(Image-text web data)
◇ ◇ ◇ ◇

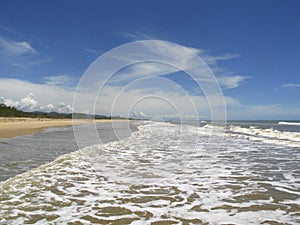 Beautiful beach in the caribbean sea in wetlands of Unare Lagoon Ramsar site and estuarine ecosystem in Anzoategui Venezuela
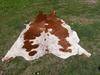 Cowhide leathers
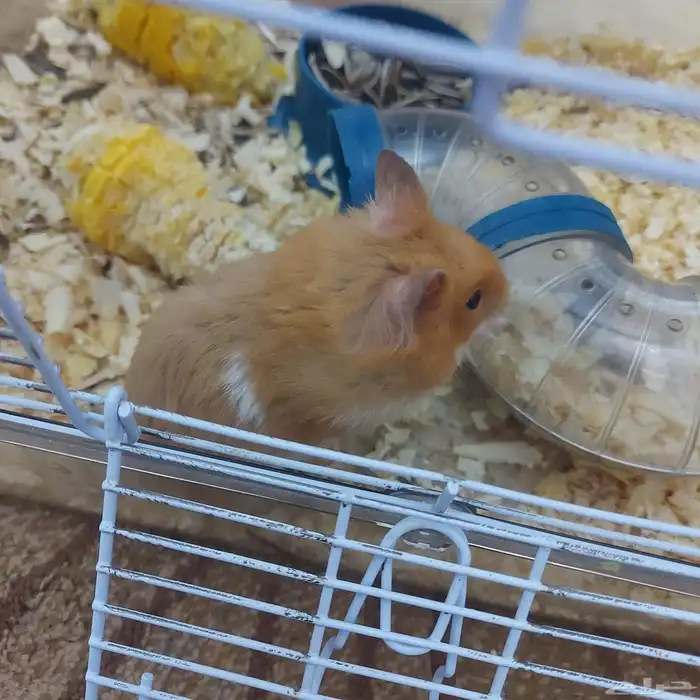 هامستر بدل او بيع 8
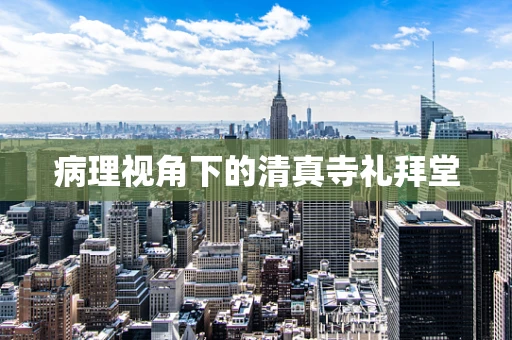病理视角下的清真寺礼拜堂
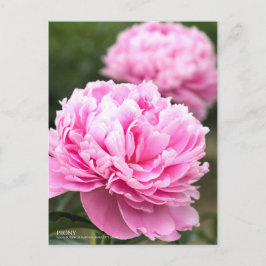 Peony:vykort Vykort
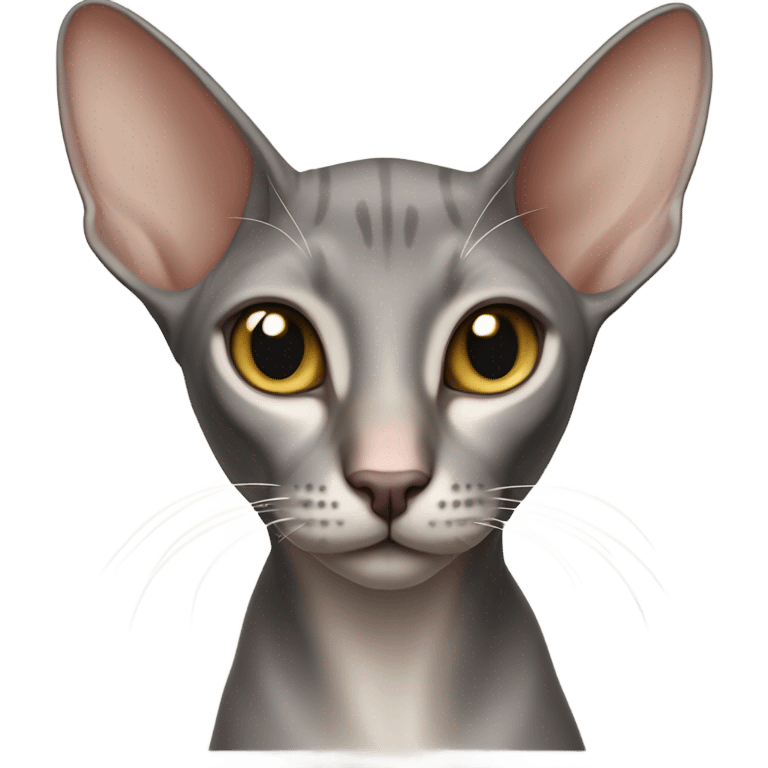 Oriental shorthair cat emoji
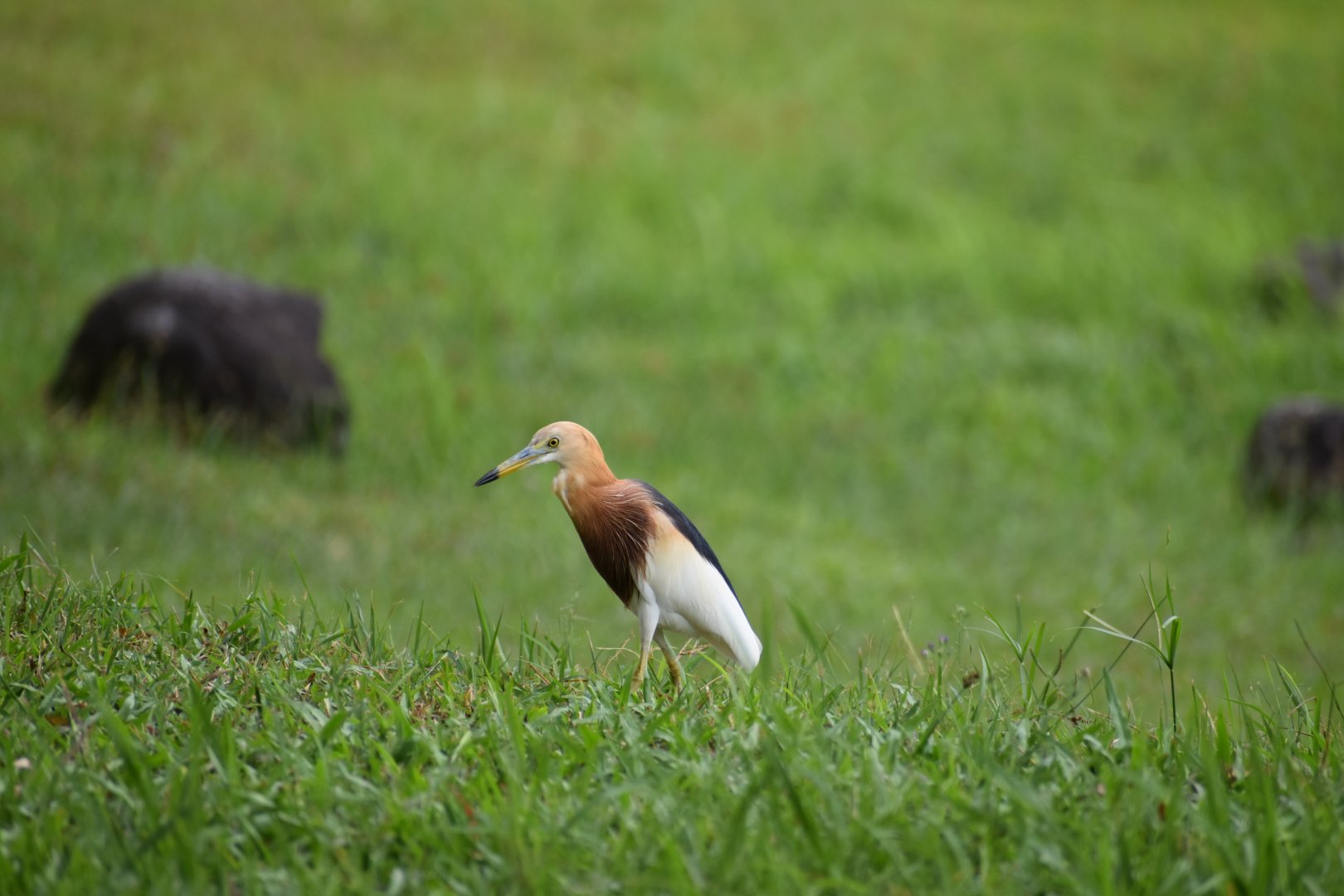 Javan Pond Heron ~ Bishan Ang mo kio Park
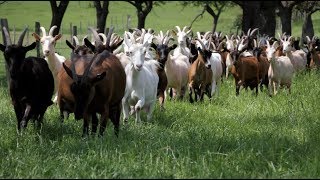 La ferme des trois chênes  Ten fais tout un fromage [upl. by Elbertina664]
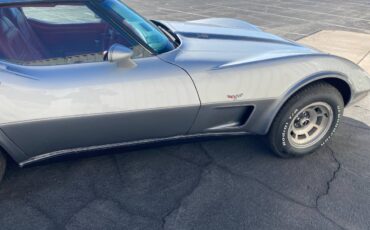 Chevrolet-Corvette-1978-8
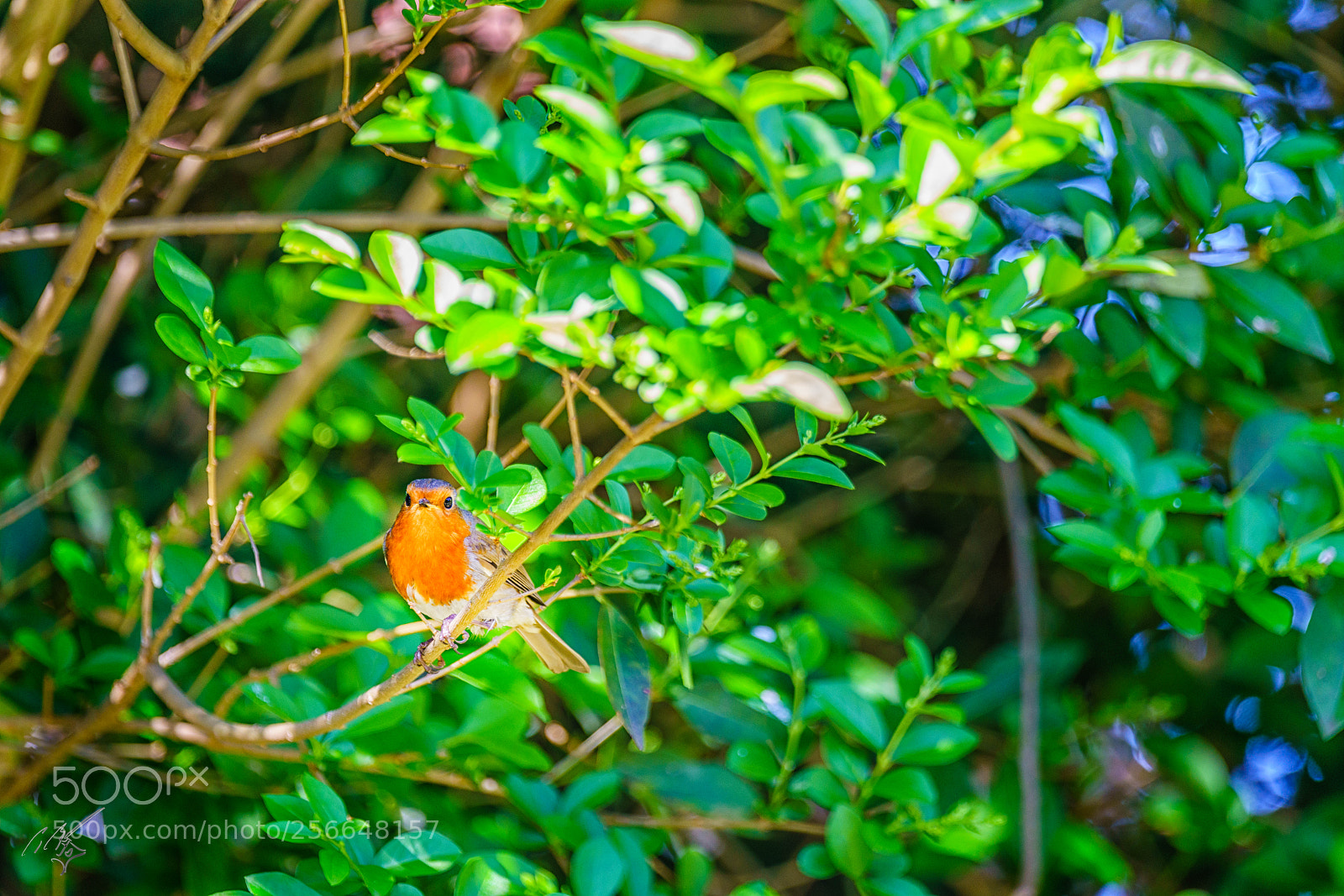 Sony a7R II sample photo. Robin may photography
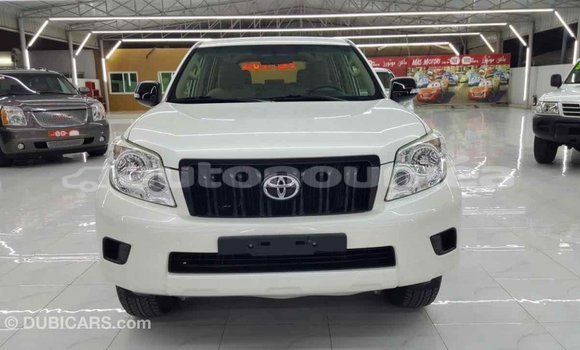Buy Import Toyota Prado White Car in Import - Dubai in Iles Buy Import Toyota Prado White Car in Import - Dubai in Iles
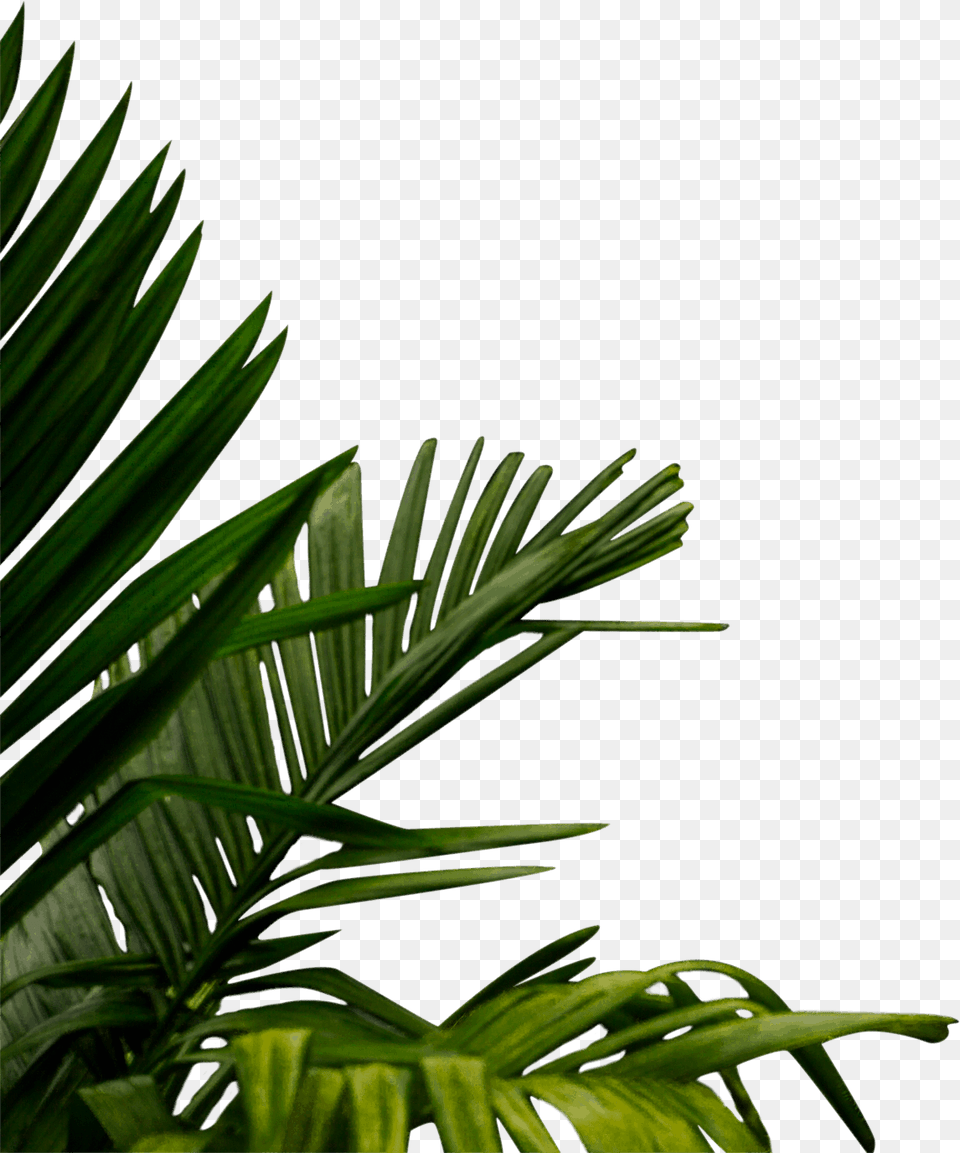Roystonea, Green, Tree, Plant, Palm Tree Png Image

◇ ◇ ◇ ◇

Work task: From the first line of the records down through the line containing "La ferme des", transcribe exactly those lines and no others, both ends kept, pictures dropped.

Result of this exercise:
 Beautiful beach in the caribbean sea in wetlands of Unare Lagoon Ramsar site and estuarine ecosystem in Anzoategui Venezuela
 Cowhide leathers
 هامستر بدل او بيع 8
病理视角下的清真寺礼拜堂
 Peony:vykort Vykort
 Oriental shorthair cat emoji
 Javan Pond Heron ~ Bishan Ang mo kio Park
 La ferme des trois chênes  Ten fais tout un fromage [upl. by Elbertina664]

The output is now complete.